Gregg Keizer from IDG
says that "Windows 8's uptake was stuck in reverse for the second straight quarter as the reputation-challenged operating system fell behind the pace set by Windows Vista six years ago, according to data released Friday.
"Web metrics firm Net Applications' figures for July put the combined user share of Windows 8 and 8.1 at 12.5% of the world's desktop and notebook systems, a small drop of six-hundredths of a percentage point from June.
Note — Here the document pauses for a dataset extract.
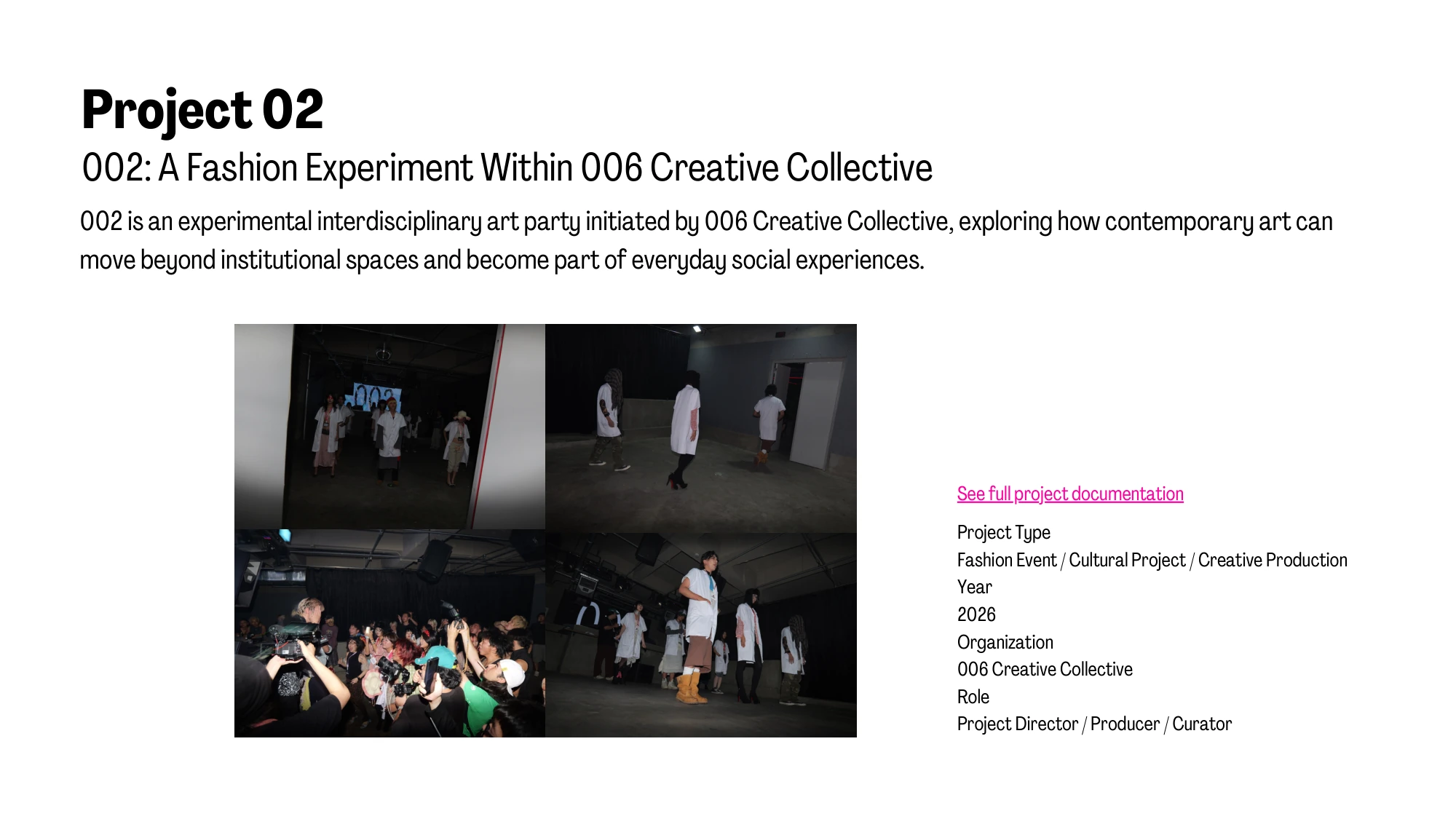 Hanqiu Huang — portfolio page 5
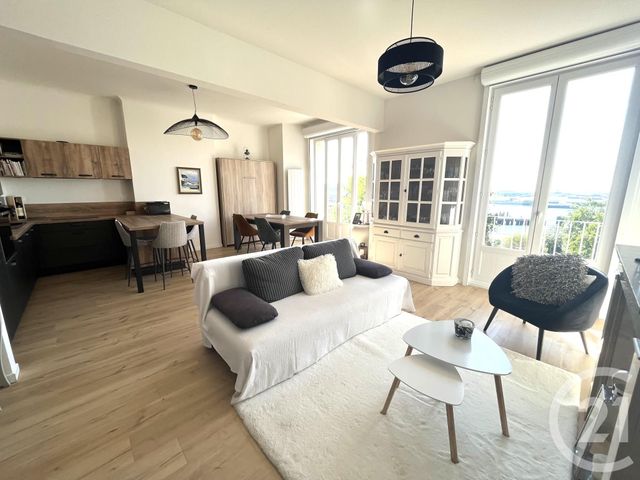 Appartement F2 à vendre - 2 pièces - 75 m2 - Boulogne Sur Mer - 62 - NORD-PAS-DE-CALAIS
That decline was atop a one-tenth-point fall the month before, the first time the OS had lost user share since its October 2012 debut."
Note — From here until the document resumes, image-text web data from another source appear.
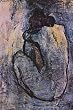 Blue Nude - Picasso - 24x36 Poster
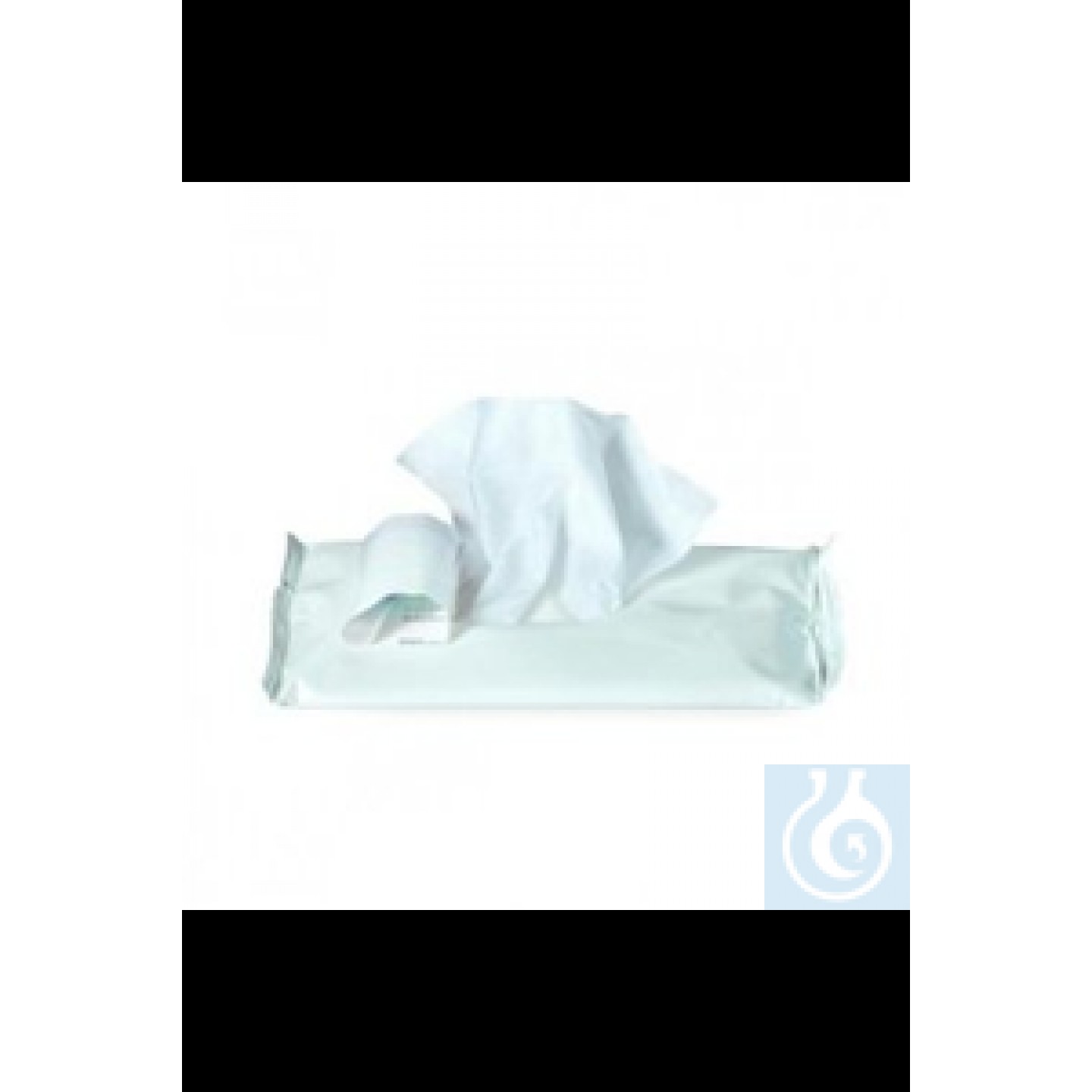 Cleanroom Wipe LS 7030 Torba önceden ıslatılmış, steril olmayan, 23 x 28 cm, 30'lu paket...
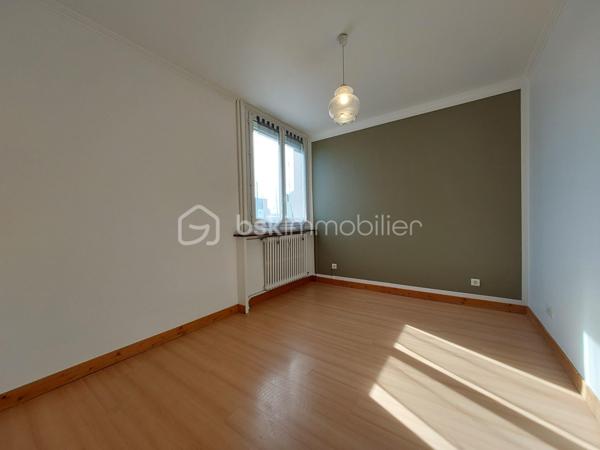 Appartement de 70 m²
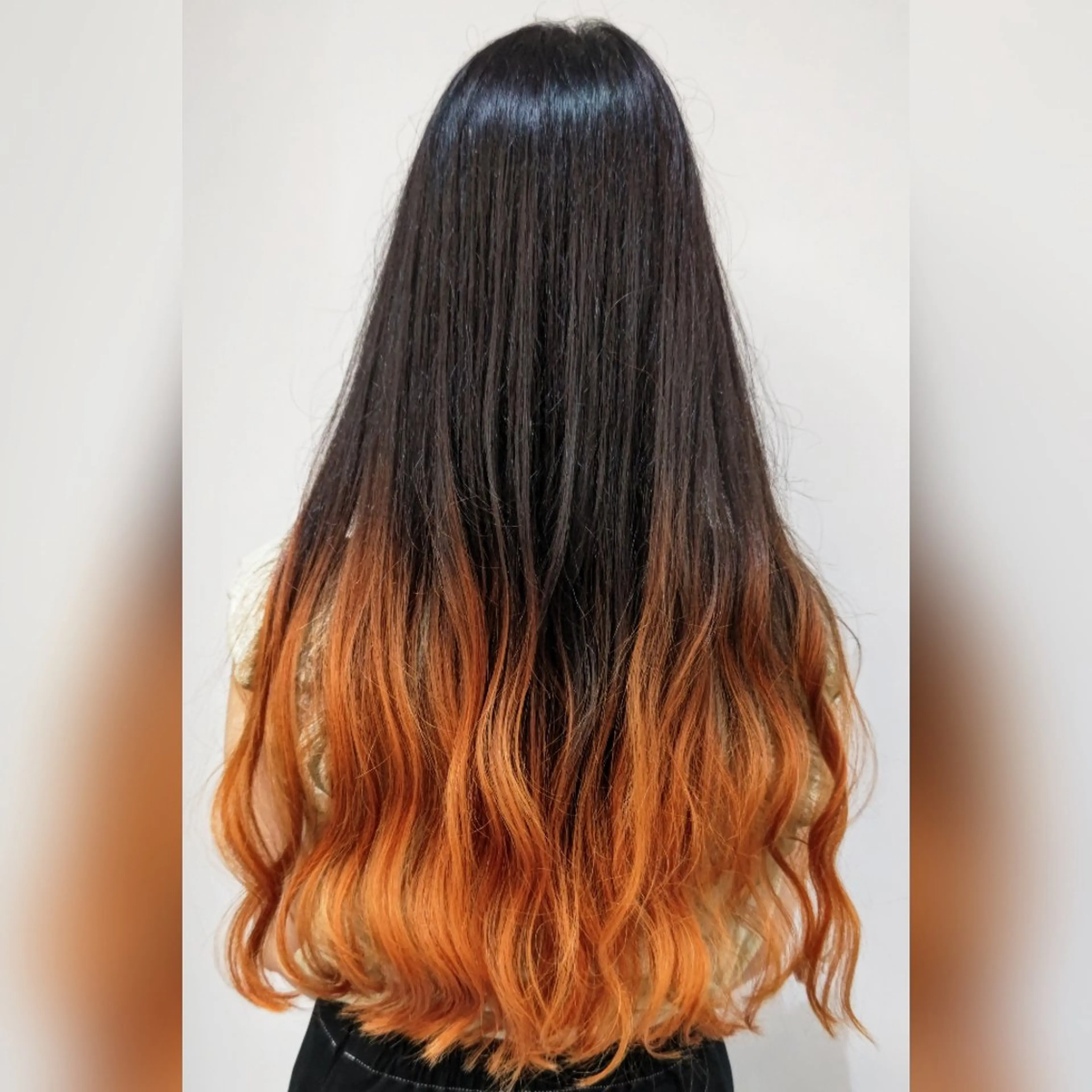 ロング AyaLA organic＆spa 東船橋店所属・💜Ayala 🌈SHIHO💜のヘアスタイル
Regarding the source of the data, Net Applications,
it is Microsoft-affiliated, too.
It sure looks like the Windows franchise is becoming a thing of the past; sales of Android devices outpace sales of computers with Windows and as older PCs (running Windows XP) age too much users may move to GNU/Linux or buy new devices with Linux/Android on them. Microsoft (Nokia) tried to make its own version of Android but failed. Nobody wanted Microsoft.
On the server side too this is happening.
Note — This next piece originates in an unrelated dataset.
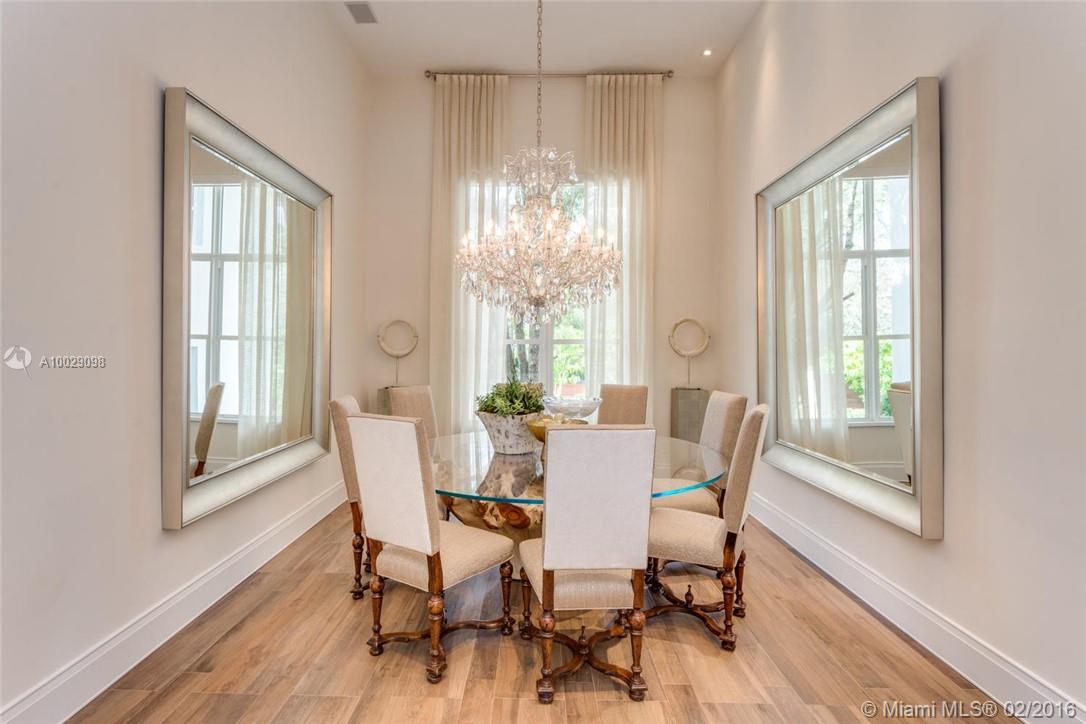 COCOPLUM SEC 2 PLAT G - Residential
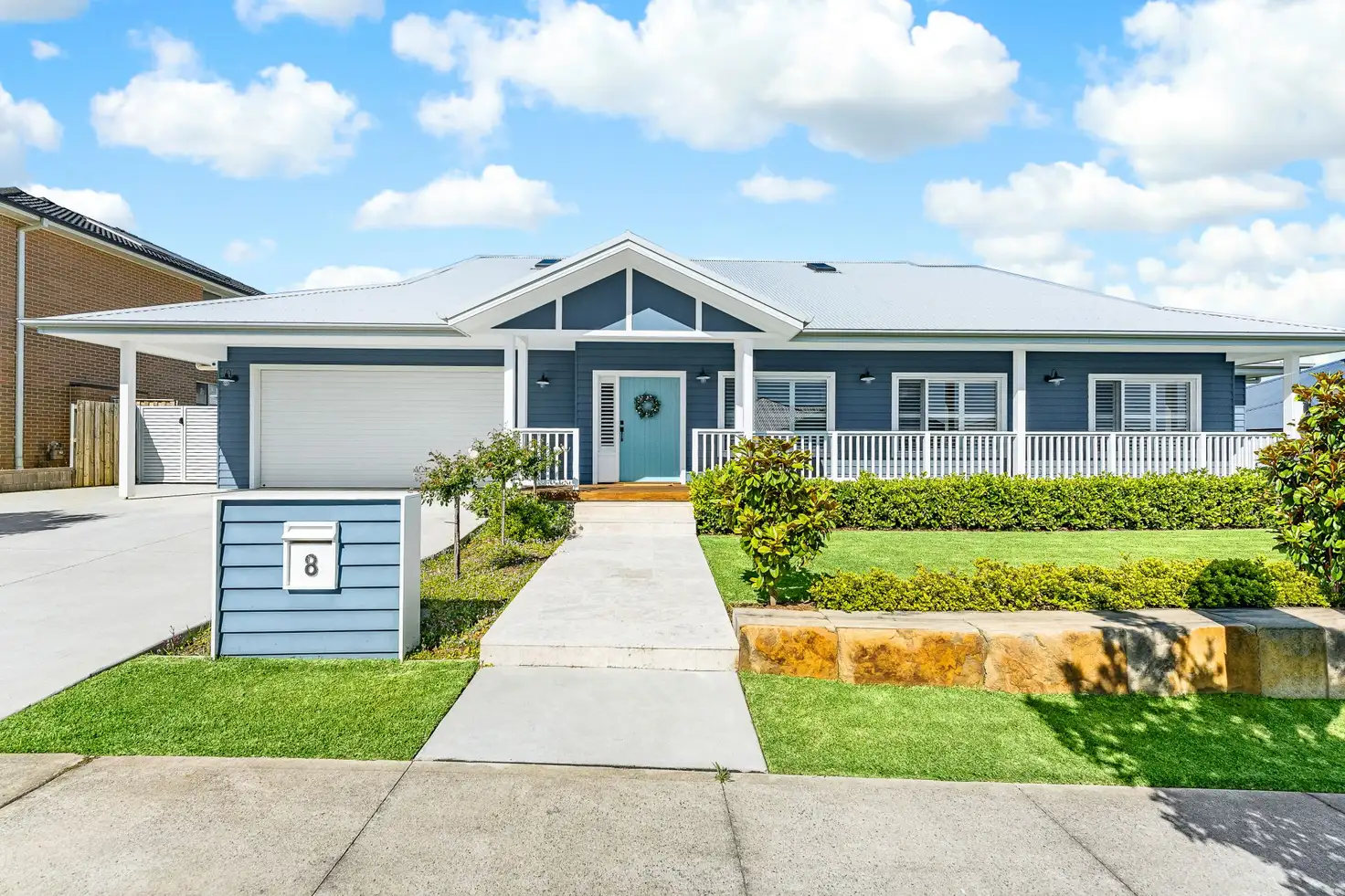 Main view of Homely house listing, 8 Green Court, Wilton NSW 2571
Microsoft's share in Web servers has been reduced to just spam and inactive domains. GNU/Linux is highly mature a platform and many hosting platforms now use GNU/Linux by default. I see this in my daytime job. There's an influx/inertia leading to FOSS, albeit quite silently. This means that a lot of companies will make the migration sooner or later, especially now that
Windows Server 2003 becomes orphaned [
via]:
The end of extended support for Windows Server 2003 is just under a year away. One manager says the average migration will take 200 days, so start thinking about migrating if you haven't already.
Hopefully he speaks of a migration to GNU/Linux. There is no reason to stay with the Vista equivalent on the server side. There is nothing in it, except newer back doors, increased fees, and more lock-in. Based on the trend in nations such as Russia and China, many systems at the back end will be converted to GNU/Linux, perhaps when support lapses for the current version of Windows (that's what happened in Munich, Germany).
Microsoft has become so desperate on the server side that it is now
liaising with one of the largest users of GNU/Linux, namely Akamai. There is no suggestion that Akamai will be using Windows; in fact, even years in the past (e.g. the Olympic Games in Beijing) Microsoft relied heavily on GNU/Linux (at Akamai) for data delivery. For Microsoft to grow closer to Akamai is rather telling; perhaps Microsoft too is already seeing the writings on the wall. The world is moving beyond Windows, and there's absolutely nothing Microsoft can do to stop it (except perhaps trying to tax it using software patents).